Keuangan negara yang kuat akan mampu menjadi sumber pendanaan para pebisnis sehingga tidak dibutuhkan perusahaan yang berbasis riba dalam pendanaan perusahaan startup. Perusahaan startup akan sangat berkontribusi pada perekonomian umat karena semua berjalan pada ekonomi riil. Para pegawainya tidak takut terkena PHK karena fenomena bubble brust tidak akan melanda. Oleh karena itu, jika sistem ekonomi Islam menjadi platform ekonomi dunia, bubble brust juga krisis ekonomi yang kerap terjadi pada sistem ekonomi kapitalisme akan mampu dihindari.

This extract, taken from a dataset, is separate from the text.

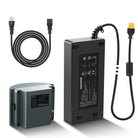 NEEWER NT-Q300 Dummy Battery Kit for Q300 Strobe Flash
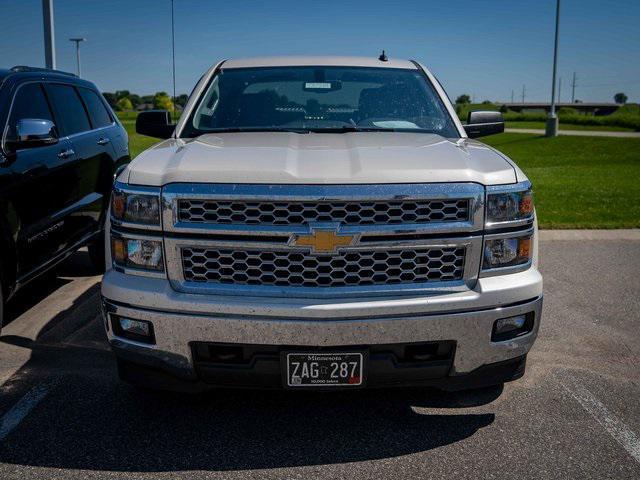 used 2014 Chevrolet Silverado 1500 car, priced at $13,999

Perusahaan startup akan fokus pada inovasinya dalam teknologi internet untuk kebaikan umat manusia.
Sungguh, sistem ekonomi kapitalisme bertentangan dengan sistem ekonomi Islam. Sistem ekonomi kapitalisme hanya mengutamakan keuntungan, bukan kesejahteraan rakyat. Saatnya kita beralih pada sistem ekonomi Islam secara kaffah.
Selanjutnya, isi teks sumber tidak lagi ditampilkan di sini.